D è ossessionato da Ivan, che sembra sussurrare nel suo orecchio: “Tu credi in Cristo e credi in Dio. E ipotizziamo che Dio esista, perché esiste il diavoletto, ma Cristo? Se ciò che per te è Cristo non esistesse? E Se a baciare l’inquisitore non fosse Cristo come tu credevi, ma dal diavoletto che tormenta me, Alesa e Liza? Anzi se a dare quel bacio fosse stato l’Anticristo? ” 

La scelta dell’epilogo di condannare Ivan a silenzio è il trionfo dell’immaginario sulla ideologia che nulla potrebbe su quella domanda, che rimane abissale per un credente, perché si riassume nella impossibile interrogazione “Perché Dio piuttosto Gesù il Cristo?” 

Alesa, ovviamente, pare il più tetragono, il più ideologico: il discorso sulla resurrezione di Iljusa potrebbe essere letto così, se indugiamo in particolare sulle battute finali che chiudono il dialogo con Kartasov. Diversa, però, sarebbe la nostra impressione se leggessimo l’intero discorso che precede questa chiusa un po’ goffa. Noi sappiamo che Alesa come Liza e Ivan ha esperienza del demonico, del basso, del peccato, lo sappiamo già da quando lo incontriamo senza speranza dopo la morte di Zosima, perché Alesa aveva posto la sua fede in Zosima e non in Cristo. 

Alesa – lui il puro, colui che si è gettato a terra, che si è unito alla terra, che è morto come il chicco – sogna lo stesso sogno di Liza, a condividerne un’ombra enorme; quasi presagisse che la sua ricerca di santità si riducesse, così come per Liza, nel desiderio, che «non resti niente di niente. Come sarebbe bello se non restasse più niente». 

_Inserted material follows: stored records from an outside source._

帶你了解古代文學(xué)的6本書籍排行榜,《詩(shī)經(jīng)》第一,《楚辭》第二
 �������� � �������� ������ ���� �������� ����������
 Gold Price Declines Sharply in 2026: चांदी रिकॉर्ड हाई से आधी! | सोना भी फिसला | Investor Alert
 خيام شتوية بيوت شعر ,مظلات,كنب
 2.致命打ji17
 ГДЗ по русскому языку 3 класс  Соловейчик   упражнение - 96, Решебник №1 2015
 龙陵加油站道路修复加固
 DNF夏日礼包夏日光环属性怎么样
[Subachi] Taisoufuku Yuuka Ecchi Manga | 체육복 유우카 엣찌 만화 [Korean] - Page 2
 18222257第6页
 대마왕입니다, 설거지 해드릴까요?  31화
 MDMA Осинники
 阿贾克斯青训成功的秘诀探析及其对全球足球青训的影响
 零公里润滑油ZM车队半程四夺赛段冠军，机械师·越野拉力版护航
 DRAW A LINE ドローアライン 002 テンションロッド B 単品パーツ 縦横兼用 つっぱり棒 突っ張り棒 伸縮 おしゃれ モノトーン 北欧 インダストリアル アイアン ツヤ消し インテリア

Alesa – il credente – diventa nichilista come e più di Ivan: D lo presagisce, tanto che le parole che gli fa pronunciare “davanti alla pietra” sono confuse, Alesa stesso sembra giustificarsi, «perché spesso dico cose poco chiare», e aggiunge misteriosamente: «Lo dico nel caso in cui dovessimo diventare cattivi». Un possibile cattivo, un possibile uomo che potrebbe diventare a tutti gli effetti Stavrogin, è questo personaggio a cui D affida la definizione del nucleo fondante della fede cristiana: la resurrezione e la gioia. A ben leggere questo epilogo si ha l’impressione che Alesa abbia perduto la fede, non riusciamo a comprendere quando D se ne sia accorto, o quanto lo sviluppo del suo personaggio abbia preso una piega diverso dal suo iniziale progetto, ma in lui, nell’eroe del romanzo (vd. Nota dell’autore), si nota con chiarezza la tensione tra immaginario e ideologia. 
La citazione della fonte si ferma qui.